We continued to stand silently as Grandma Chin’s casket was placed in front of us. Nobody, it seemed, knew what to say about a woman who’d been so difficult to love.
After a minute or two, my uncle cleared his throat and took a rosary out of his pocket, launching into the first Hail Mary. His voice was steady, but devoid of warmth. My aunt nodded along silently while my cousin fidgeted, clearly uncomfortable. My mother mouthed the prayer, and my brother and I exchanged sidelong glances.
After he’d finished, my other uncle took a nearby bouquet of roses and passed a single bloom to each of us. One by one, we placed a flower on top of Grandma Chin’s casket. My mother gestured to the groundskeepers, who began to lower it into the soil. I wondered what they must’ve thought of us, dry-eyed and silent.

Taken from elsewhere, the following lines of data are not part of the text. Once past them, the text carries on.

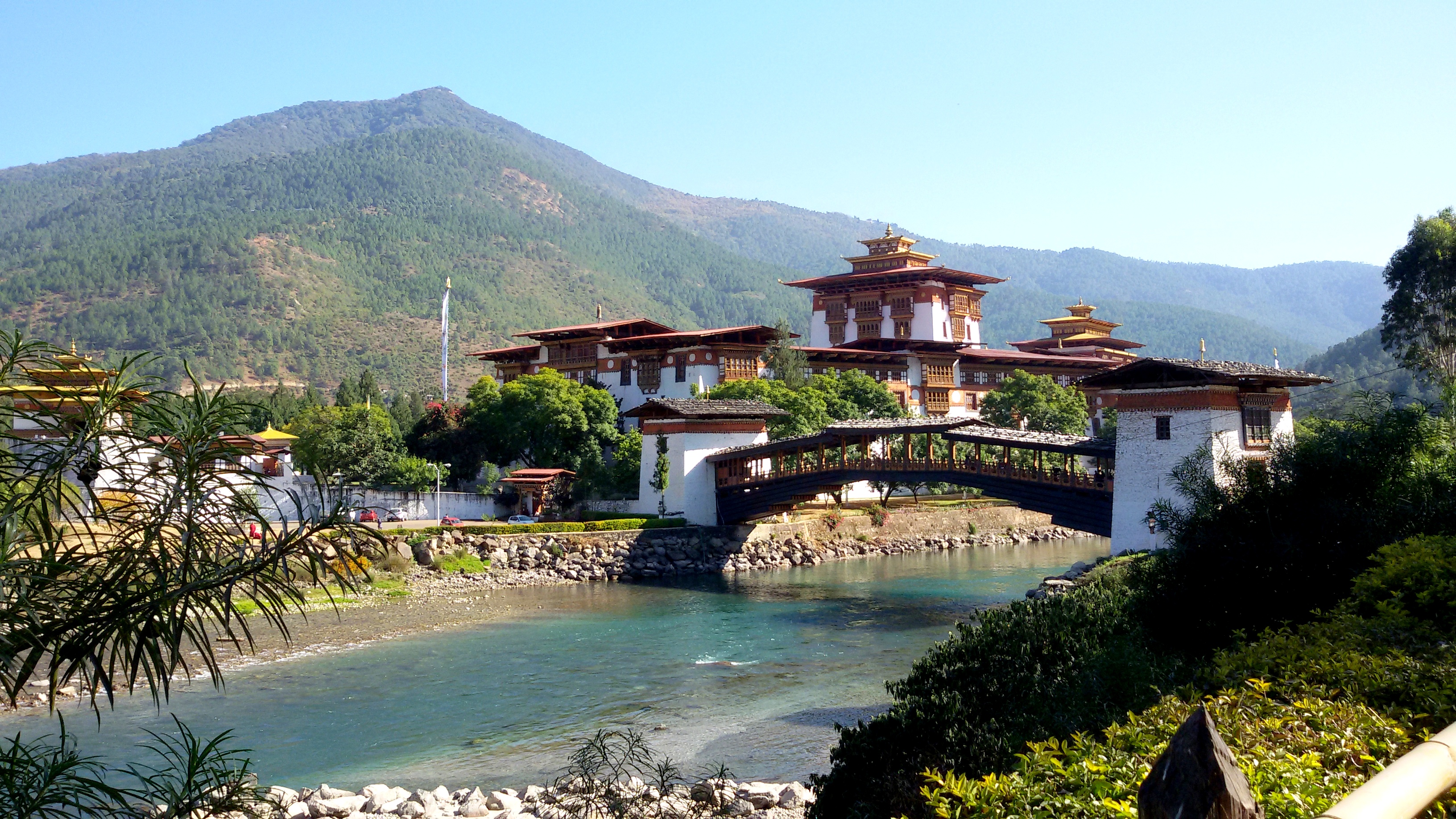 Bhutan cuts daily tourist fee by half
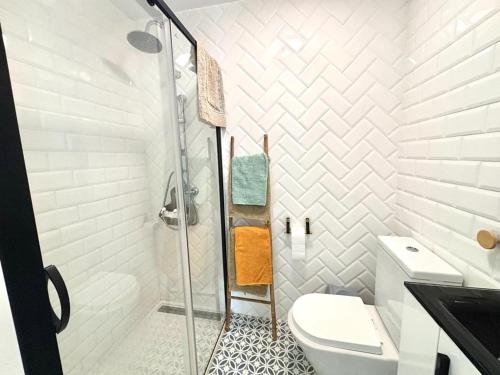 a white bathroom with a shower and a toilet at Loft B El Ramellet in Alginet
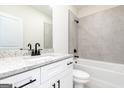 Clean bathroom with granite vanity, tub with tile surround, and black fixtures at 3423 Arabian Farm Ln, Dacula, GA 30019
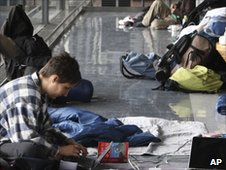 A stranded passenger uses a PC at New Tokyo International Airport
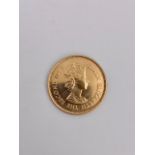 A 1971 Mauritius 200 Rupees gold coin, 15.5 g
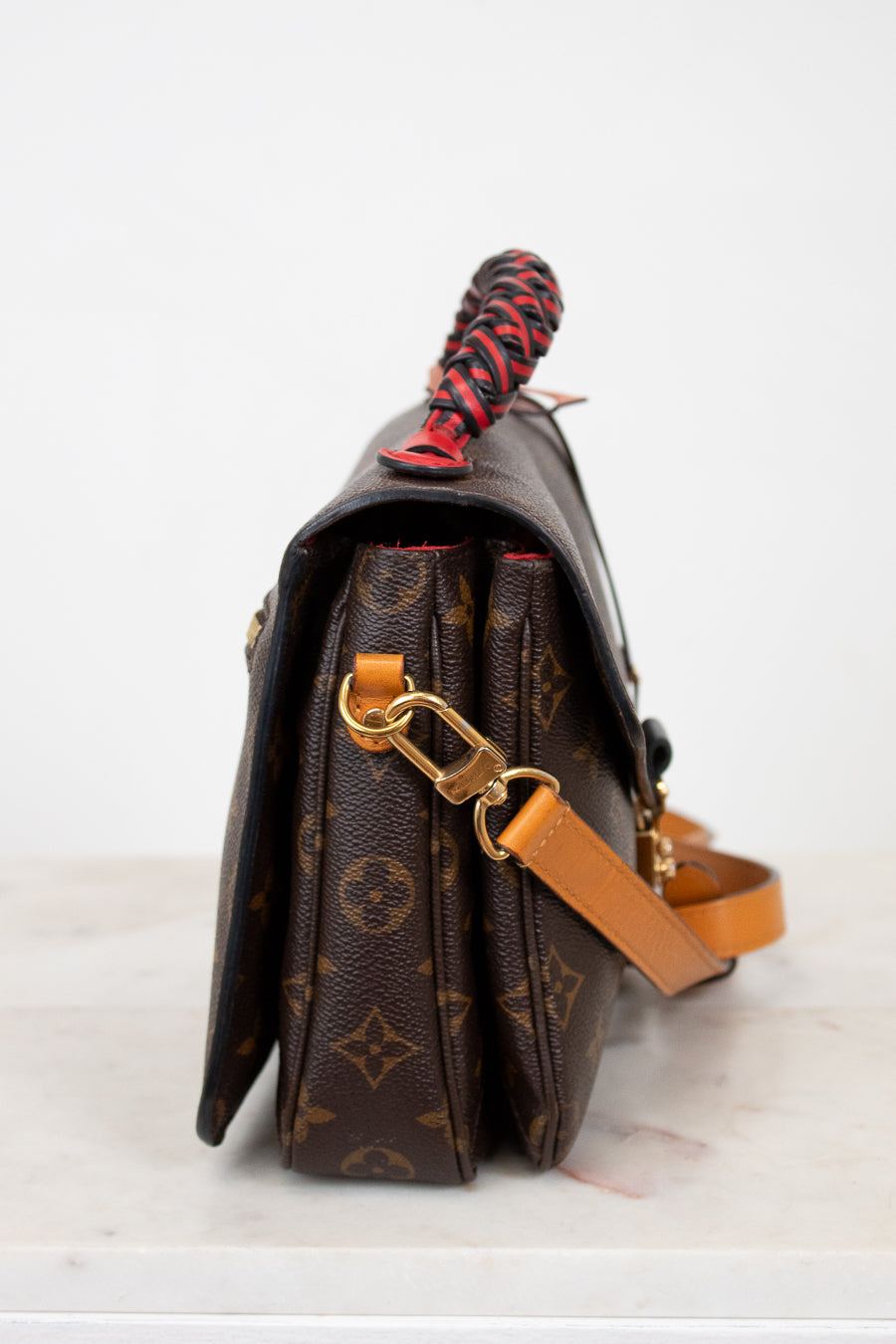 Brown monogrammed handbag with a red and black handle on a white background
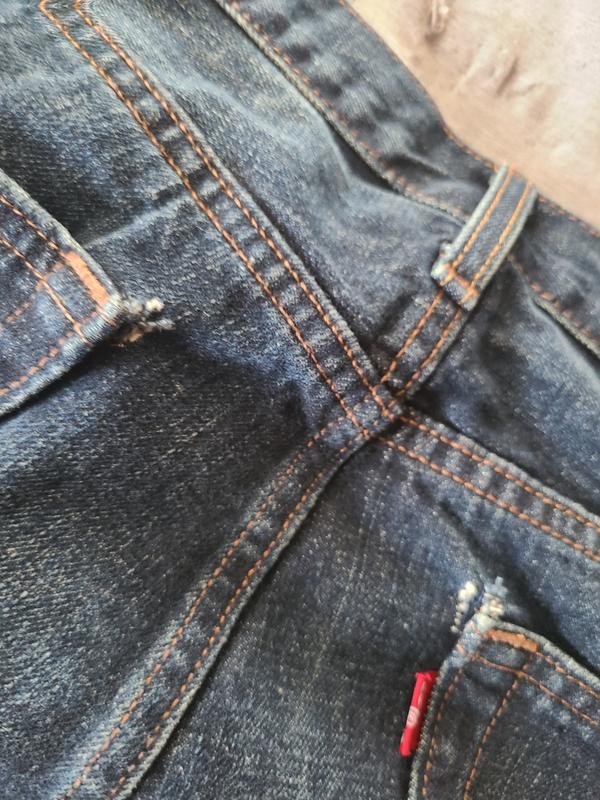 Holes in both back pockets
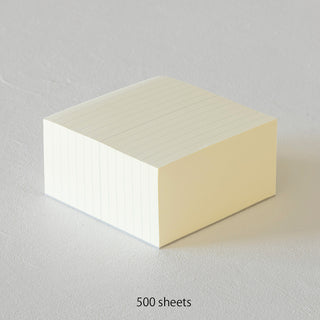 Cream and white lined memo pad block, three-sided view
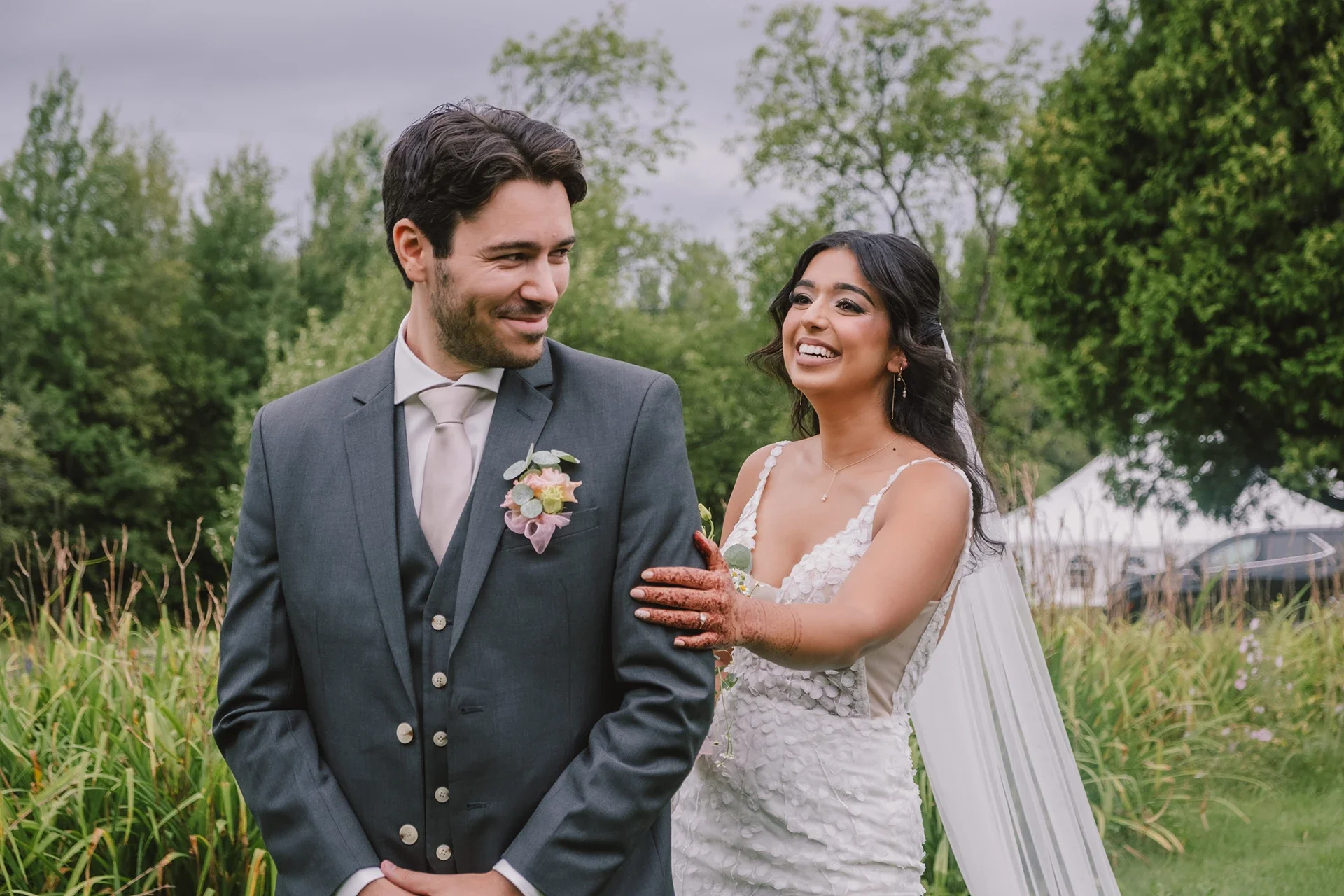 A bride and groom standing outdoors on their wedding day, smiling at each other. The bride has henna on her hands and is touching the groom's arm, wearing a white dress with a veil, while the groom is dressed in a gray suit with a boutonniere.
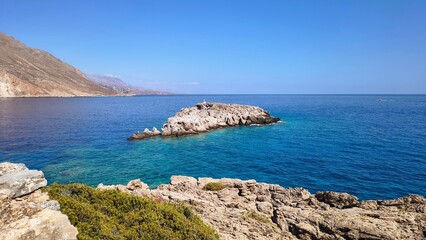 Rocks off the coast of the picturesque village of Loutro in Crete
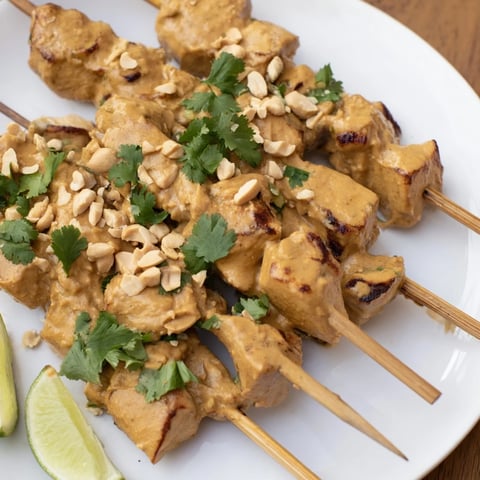 Grilled Spicy Peanut Satay Chicken Skewers, charred and glistening, served with fresh cilantro.
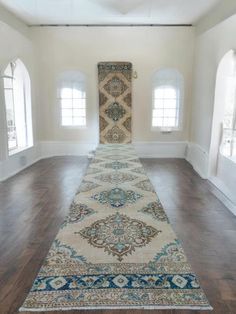 a long rug is in the middle of an empty room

As the casket slowly descended, I was struck by a sharp pang of regret as my thoughts drifted back to a moment in my childhood when I’d stubbornly declared to my parents that I refused to attend Chinese school. I had longed to fit in with the neighborhood kids and was desperate to escape the constant reminder of my differences. Now, I wished I’d embraced the language, the customs, and the bonds that connected me to Grandma Chin. I’d let my fear hold me back.
Perhaps Grandma Chin had felt afraid, too, when she left my aunt in China and stepped off a boat in New York City, more than 60 years ago. She was young, newly married, and facing the daunting challenge of adapting to life in a place she’d never known. Just a few years later, she’d be managing a laundromat, then later, a Chinese restaurant, all while raising my mother and her siblings, with no friends to drink tea, gossip, and play mahjong with. It must’ve been lonely, I thought. Or had she grown accustomed to the solitude?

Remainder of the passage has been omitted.